Assignment:
Exact transcript, pictures excluded: write out every record below.

Brief descriptive captions:

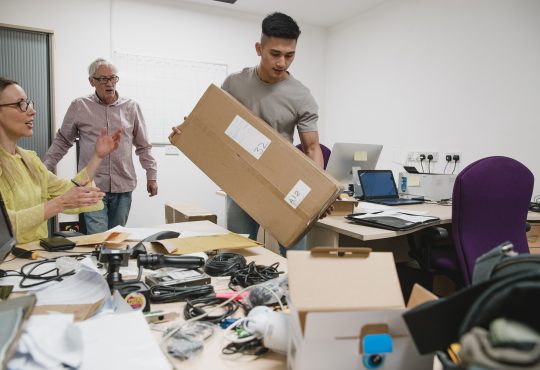 Colleagues are looking stressed as they set up the office for their new business.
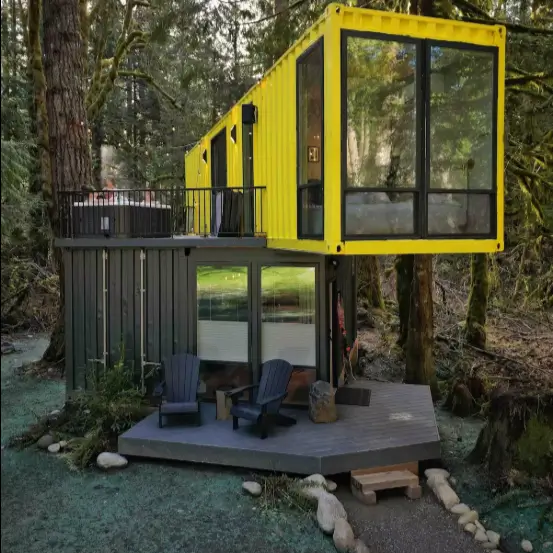 Striking shipping container home design of The Sea Containers in Index, WA, with a bright yellow upper container dramatically cantilevered over a dark grey base, featuring a hot tub and forest views.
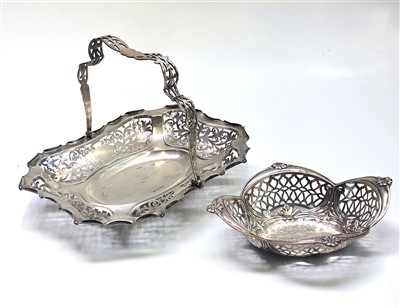 Lot 2019 - A pierced silver basket with swing handle...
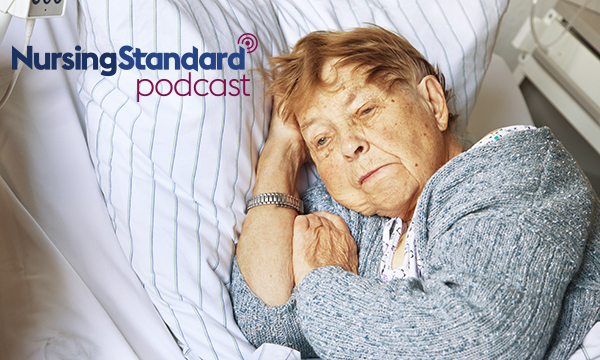 Picture of an older woman in a hospital bed, looking pensive
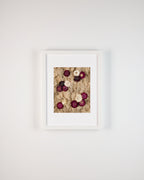 White and deep purple or burgundy flowers on nude or beige moss fine art print on a white wall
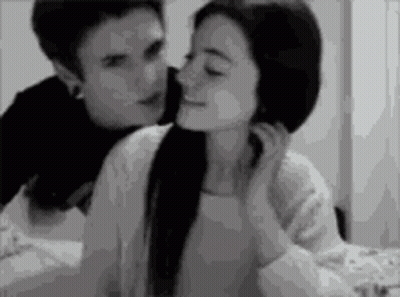 Black And White Man Kissing Woman On Forehead GIF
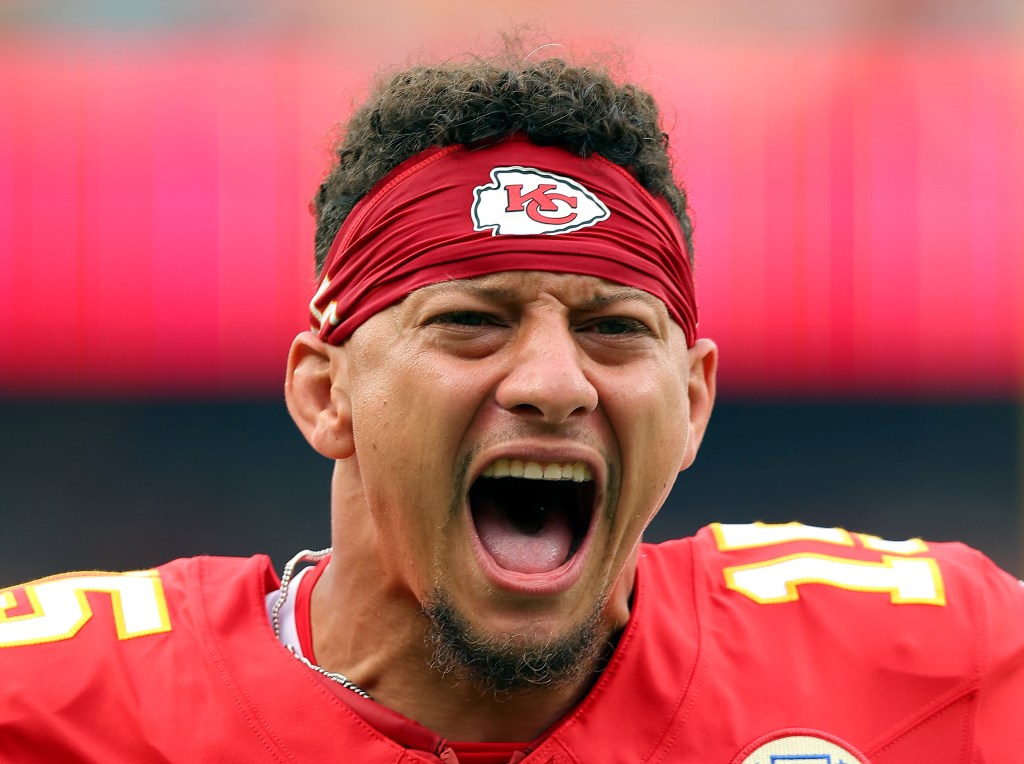 Close-up of Patrick Mahomes yelling during a game.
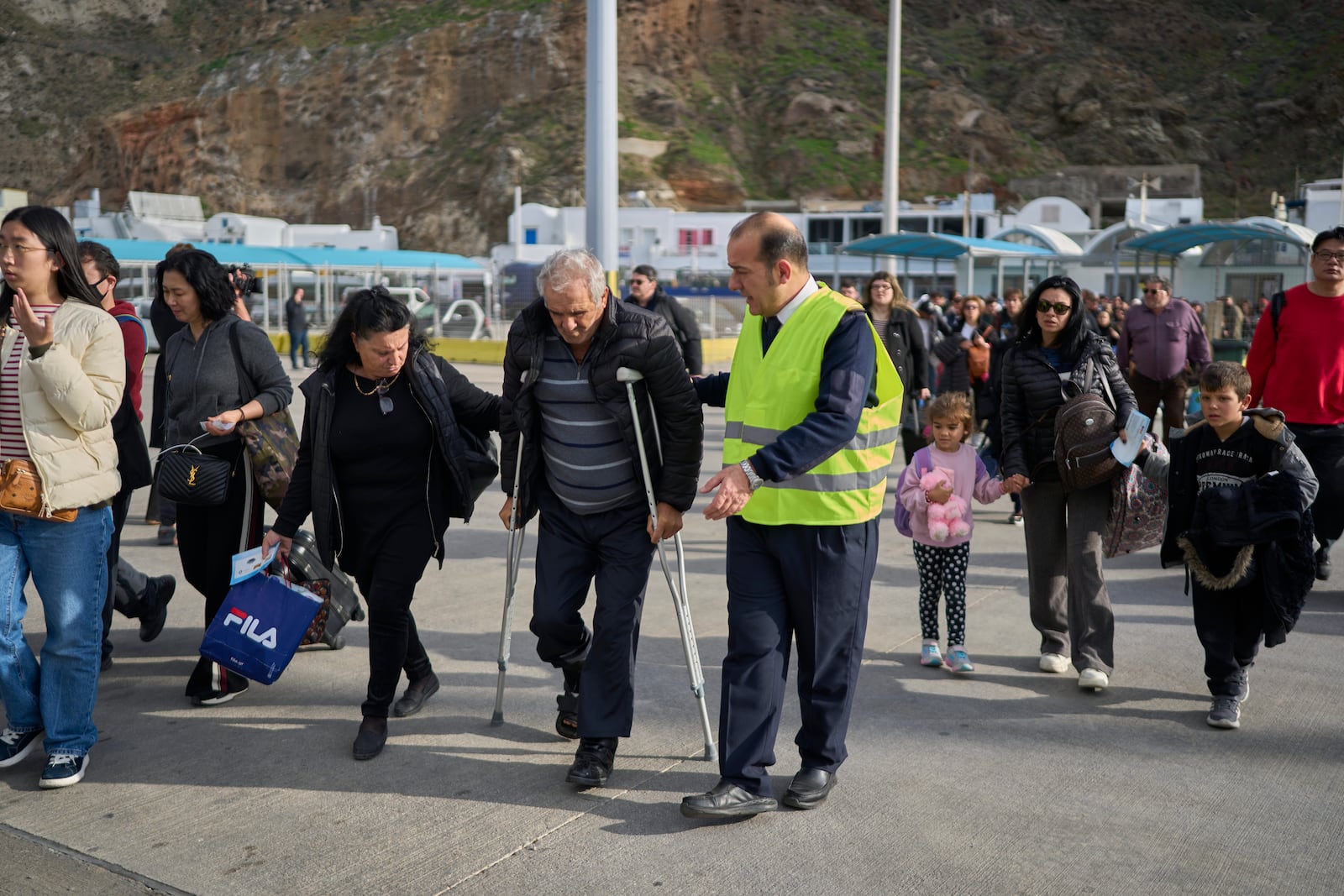 Passengers board a regularly scheduled ferry to Athens' port of Piraeus, after a spike in seismic activity raised concerns about a potentially powerful earthquake in Santorini, southern Greece, Monday, Feb. 3, 2025. (AP Photo/Petros Giannakouris)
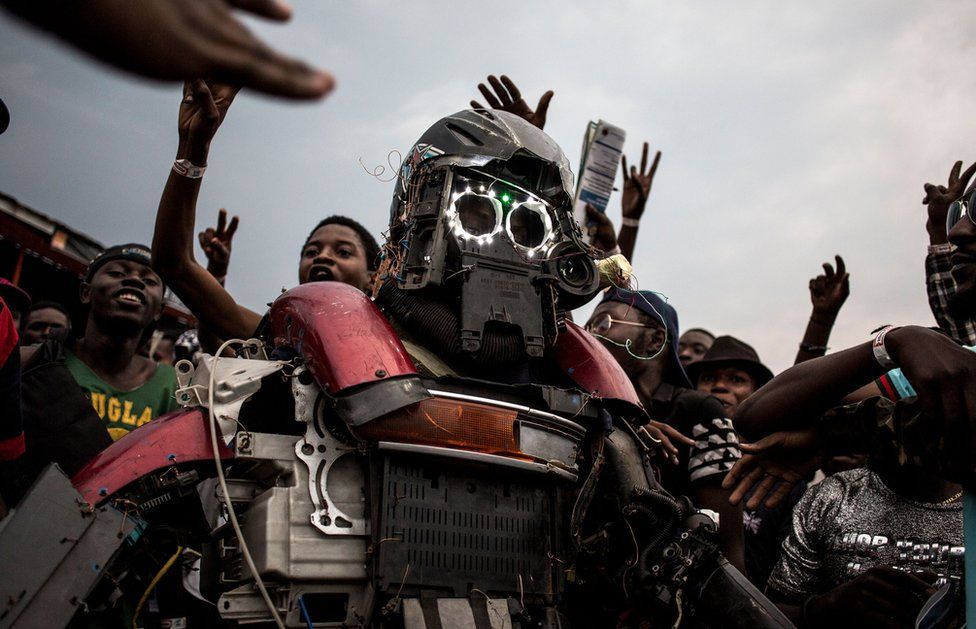 A Congolese festival-goer dressed as a robot.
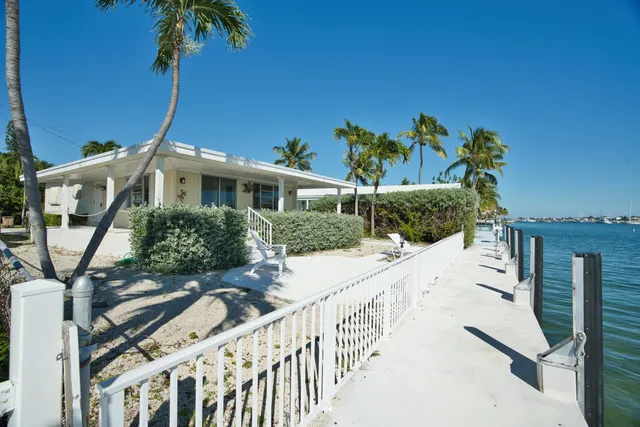 a view of a chair and table in backyard of the house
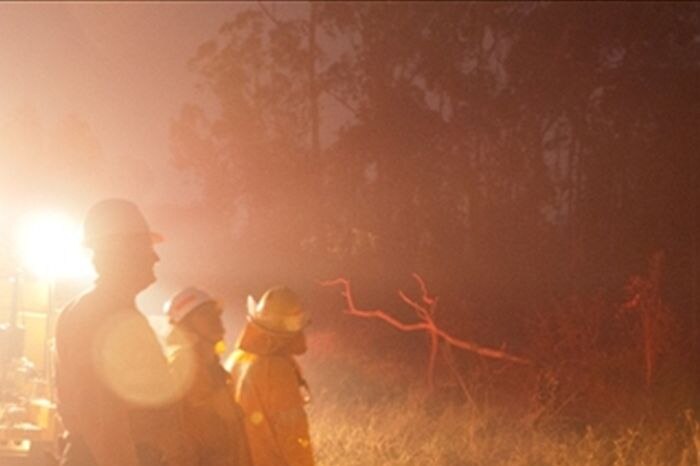 Fire fighters work into the night backburning at Millstream, near Ravenshoe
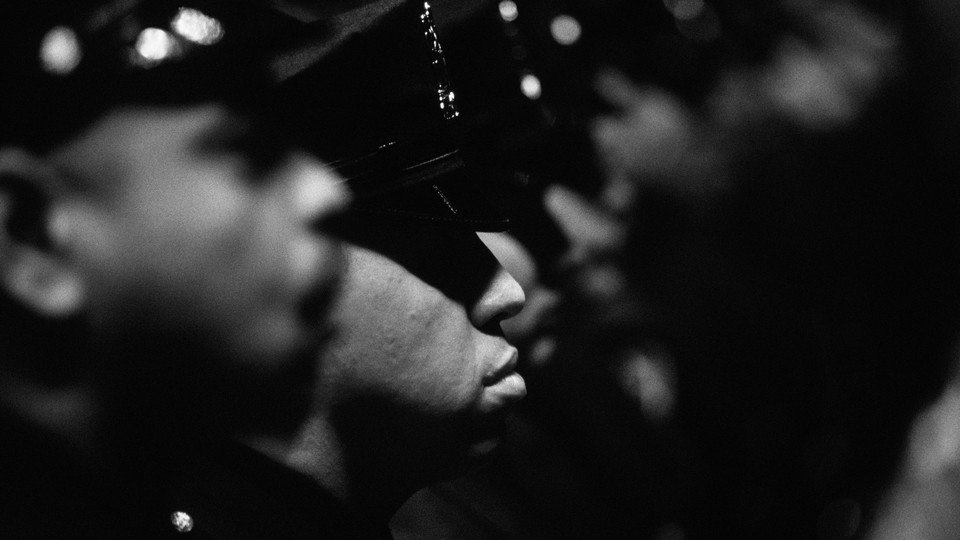 A black-and-white photo of a rank of police officers.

Solution to this exercise:
 Colleagues are looking stressed as they set up the office for their new business.
 Striking shipping container home design of The Sea Containers in Index, WA, with a bright yellow upper container dramatically cantilevered over a dark grey base, featuring a hot tub and forest views.
 Lot 2019 - A pierced silver basket with swing handle...
 Picture of an older woman in a hospital bed, looking pensive
 White and deep purple or burgundy flowers on nude or beige moss fine art print on a white wall
 Black And White Man Kissing Woman On Forehead GIF
 Close-up of Patrick Mahomes yelling during a game.
 Passengers board a regularly scheduled ferry to Athens' port of Piraeus, after a spike in seismic activity raised concerns about a potentially powerful earthquake in Santorini, southern Greece, Monday, Feb. 3, 2025. (AP Photo/Petros Giannakouris)
 A Congolese festival-goer dressed as a robot.
 a view of a chair and table in backyard of the house
 Fire fighters work into the night backburning at Millstream, near Ravenshoe
 A black-and-white photo of a rank of police officers.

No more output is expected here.